Stocks are back at all-time highs.
After spending about a month trading just off record levels, the S&P 500 powered back to an all-time high on Thursday and fractionally improved on this to end the week, closing at 2,122.73 on Friday.
Meanwhile, economic data has continued to disappoint, with readings on retail sales in April and consumer confidence in May both disappointing this week, putting the spring economic recovery in doubt.
The Atlanta Fed’s GDPNow tracker, which was spot-on in predicting the initial reading 0.2% growth reading for first quarter GDP, now forecasts that the economy is on pace to grow just 0.7% in the second quarter.
Here’s your Monday Scouting Report:
The spring economic recovery is in doubt. “Our forecast for GDP growth continues to slide,” write Bank of America Merrill Lynch economists Michelle Meyer and Alex Lin. “We are now tracking -1.2% for 1Q and 2.5% for 2Q, implying 0.7% growth in the first half of the year. This is not the bounce we were hoping for.”
This past week, data on retail sales and consumer confidence disappointed, leading some in the market to throw the word “recession” out there. The general softness in the economy has largely been attributed to the decline in oil prices and the rise of the US dollar, pressuring import and other prices as well as investment from the oil and gas industry.

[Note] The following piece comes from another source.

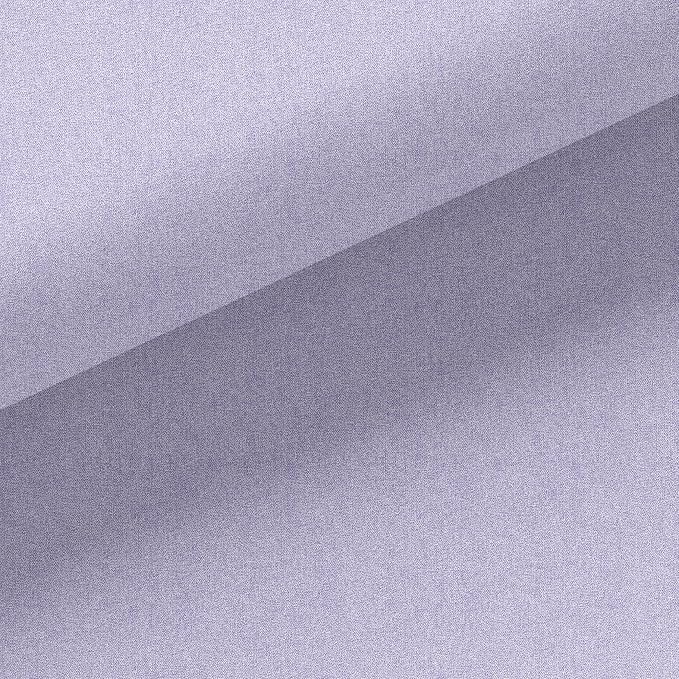 3 Yard American Cotton Quilting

But the surprising absence so far this year has been the consumer.
“The consumer was supposed to be the bright spot this year given the tailwinds of lower gasoline prices, healthier job growth, continued wealth gains and improving sentiment,” Meyer and Lin write. “We have not yet seen this strength materialise, as core control retail sales have been essentially flat since last November.”
Meyer and Lin add: “Why the weakness? With a windfall of cash from lower gasoline prices, consumers are either being cautious, choosing to add a large portion to savings, or there is a longer lag to spending than we had expected. It could also be that consumers have learned from the crisis and have become more conservative about utilising their wealth gains and managing debt.”

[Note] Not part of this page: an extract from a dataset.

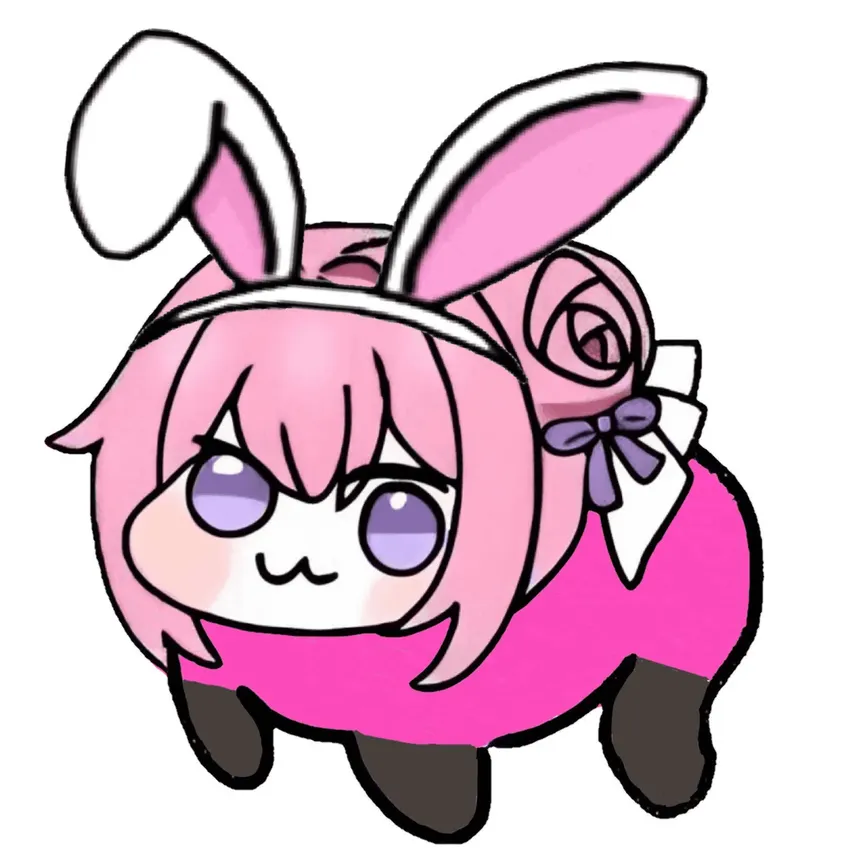 EVENTO ESPECIALES LEYENDAS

And writing in The New York Times this weekend, economist Tyler Cowen asks if the repeated economic disappointments we’ve seen in the last several years are part of a larger economic reorientation that the US could be facing for years to come.
- National Association of Homebuilders Housing Market Index (Mon): Kicking off a busy week of housing data will be the NAHB’s Housing Market Index, which rose to 56 in April from a reading of 52 in March. In the April release, NAHB chief economist David Crowe said, “This uptick shows builders are feeling optimistic that the housing market will continue to strengthen throughout 2015.” Expectations are for an improvement in May’s reading to 57.

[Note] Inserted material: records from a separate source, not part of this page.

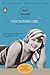 The Danish Girl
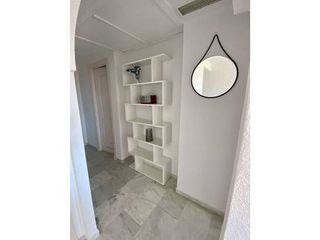 Piso en alquiler en Cabo Pino - Reserva de Marbella en Marbella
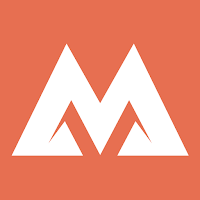 Myst VPN: Auto Fast Connect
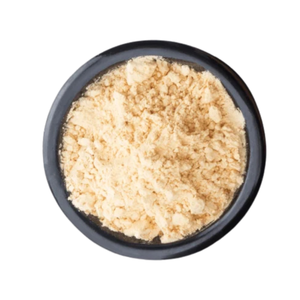 Jengibre en Polvo Seco Sukhi Adrak Sonth Zingiber officinale Molido Fino de la India - Product Image 1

- Housing Starts and Building Permits (Tues): After a deep plunge in February, housing starts rose 2% in March, and expectations are for Tuesday’s report to show a 9.9% increase in starts during the first month of the second quarter. “We expect housing starts once again breached the psychologically important 1 million unit mark in April,” Wells Fargo wrote in a note to clients. Expectations are for starts to rise to an annualized pace of 1.018 million, according to estimates from Bloomberg. Building permits are expected to rise 2.2% in April to an annualized pace of 1.065 million.
- Minutes from the Federal Reserve’s April 28-29 Meeting (Wed): “The Fed is in a bind,” write economists at BNP Paribas. “On the one hand, the broad strokes of the medium-term outlook have not changed and, on this basis, moving rates away from the zero lower bound may soon be justified. On the other hand, numerous shocks have left the Fed more uncertain and possibly less confident in the growth outlook.” BNP expects the minutes from the Federal Open Market Committee’s latest meeting will reveal a “lengthy discussion” about the economic softness in the first quarter. On the labour front, BNP expects the discussion will be “succinct, but lacking enthusiasm.” As for when the Fed might be compelled to raise rates, Bank of America Merrill Lynch’s economics team writes: “Only a few members are likely to explicitly rule out a June hike in the April minutes, but data dependence should lead the Committee to be less certain of a near-term rate hike than at the March meeting. In light of recent Fed rhetoric, we do expect the minutes to reveal that the threshold for the first rate hike is relatively low.”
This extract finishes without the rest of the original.